_Source data_.
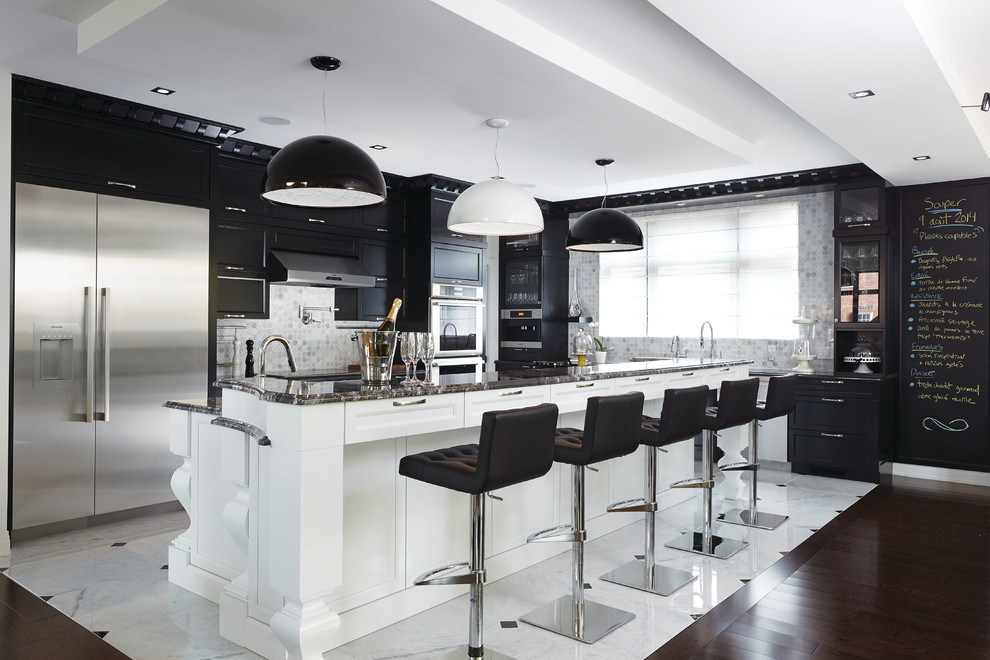 This is an example of a large contemporary kitchen in Montreal with shaker cabinets, granite benchtops, multi-coloured splashback, mosaic tile splashback, stainless steel appliances and with island.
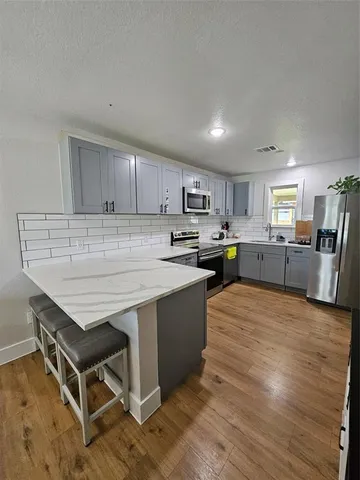 a kitchen with stainless steel appliances granite countertop a stove sink and cabinets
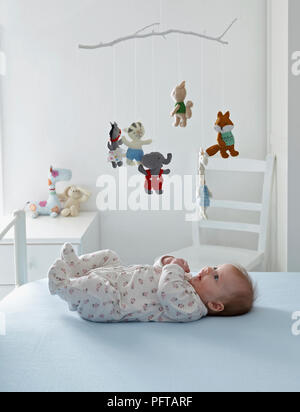 Baby girl giacente sul retro che si affaccia fino al mobile animale, 3 mesi Foto Stock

_Aim of the task_.
Write out again, word for word, the lines from the one holding "a kitchen with" through the final line of the listing, including both ends but no pictures.

_Result_.
 a kitchen with stainless steel appliances granite countertop a stove sink and cabinets
 Baby girl giacente sul retro che si affaccia fino al mobile animale, 3 mesi Foto Stock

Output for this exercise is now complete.